** Opening Input material block **

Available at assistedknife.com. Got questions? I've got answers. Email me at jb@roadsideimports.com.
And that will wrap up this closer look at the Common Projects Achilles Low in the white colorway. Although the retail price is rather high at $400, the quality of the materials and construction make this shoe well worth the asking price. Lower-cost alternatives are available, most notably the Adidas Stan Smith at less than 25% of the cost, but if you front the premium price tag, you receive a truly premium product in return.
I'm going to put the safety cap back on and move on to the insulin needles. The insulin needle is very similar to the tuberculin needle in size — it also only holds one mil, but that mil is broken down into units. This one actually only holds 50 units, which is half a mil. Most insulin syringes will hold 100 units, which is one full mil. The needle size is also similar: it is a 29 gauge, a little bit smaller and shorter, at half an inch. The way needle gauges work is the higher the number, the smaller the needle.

** Closing Input material block **
** Opening Input material block **

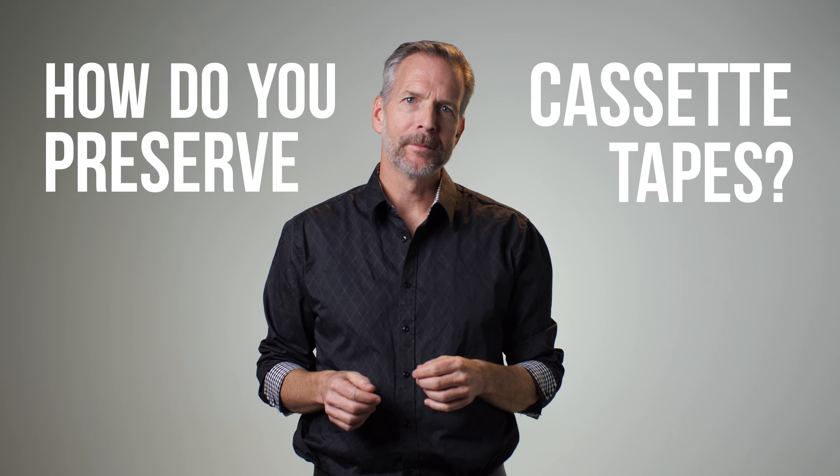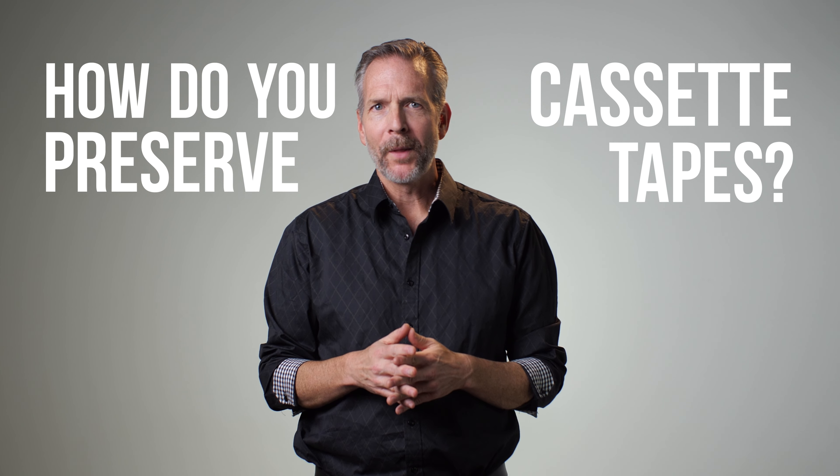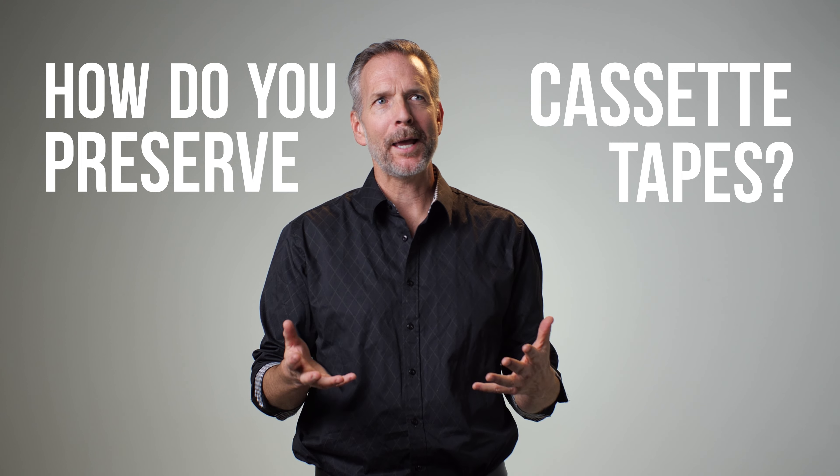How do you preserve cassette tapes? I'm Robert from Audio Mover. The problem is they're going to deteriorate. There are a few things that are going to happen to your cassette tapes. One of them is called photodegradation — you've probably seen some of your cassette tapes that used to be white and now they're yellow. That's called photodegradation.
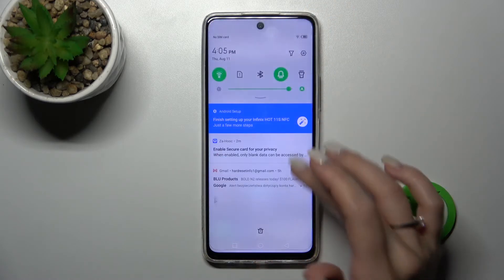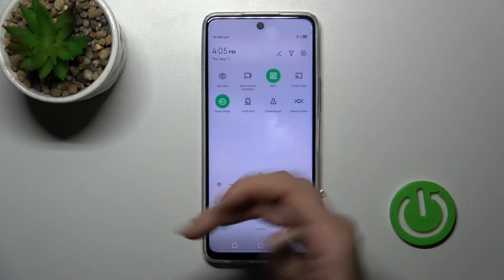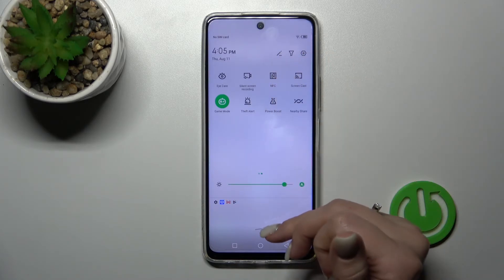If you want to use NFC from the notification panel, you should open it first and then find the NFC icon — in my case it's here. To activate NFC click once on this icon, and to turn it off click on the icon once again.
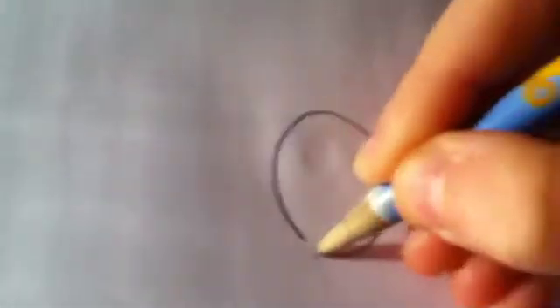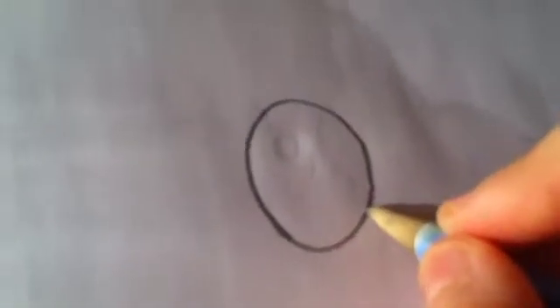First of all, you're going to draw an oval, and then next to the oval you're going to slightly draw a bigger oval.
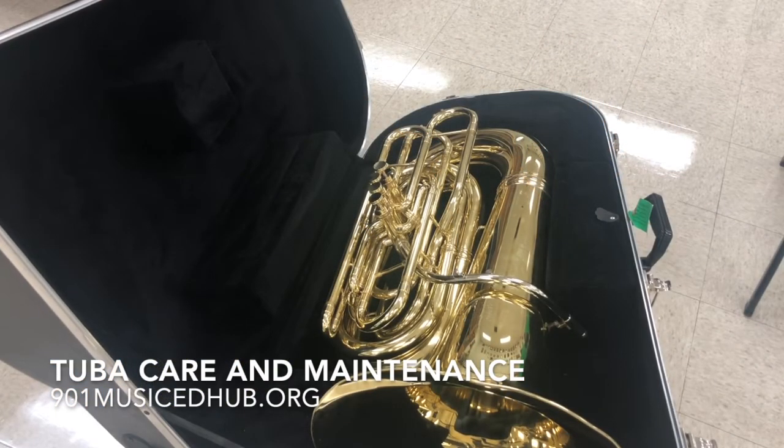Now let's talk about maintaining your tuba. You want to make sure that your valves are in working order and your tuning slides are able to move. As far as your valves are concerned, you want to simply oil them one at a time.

** Closing Input material block **
** Opening Input material block **

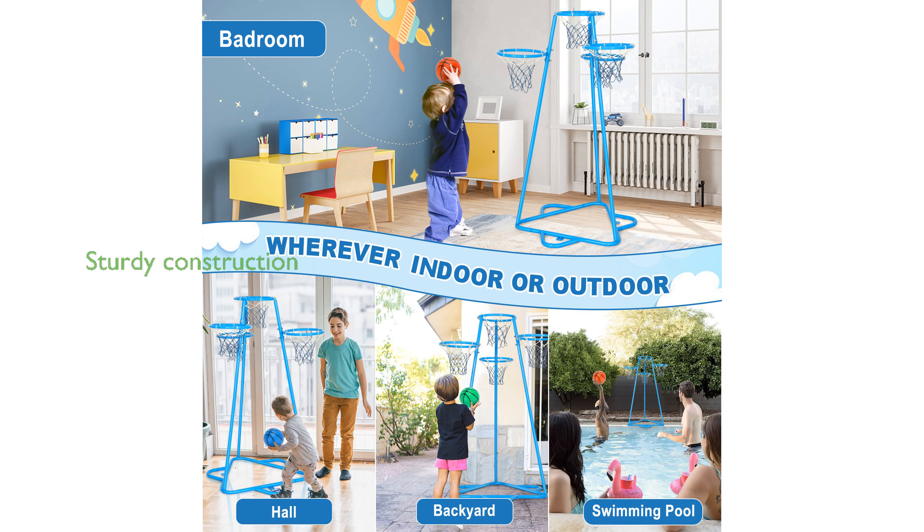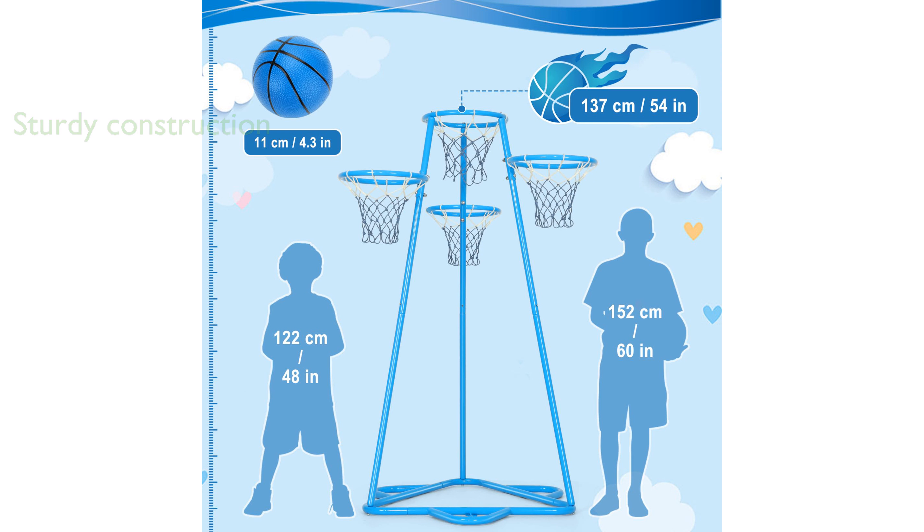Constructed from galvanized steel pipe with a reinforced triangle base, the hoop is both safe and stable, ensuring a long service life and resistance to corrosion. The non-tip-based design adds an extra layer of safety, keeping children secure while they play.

** Closing Input material block **

**Work item:** Find the line with "First of all, you're" and the line with "Now let's talk" in the records above. Copy both and all lines between them exactly, without pictures.

**Answer for this exercise:**
First of all, you're going to draw an oval, and then next to the oval you're going to slightly draw a bigger oval.
Now let's talk about maintaining your tuba. You want to make sure that your valves are in working order and your tuning slides are able to move. As far as your valves are concerned, you want to simply oil them one at a time.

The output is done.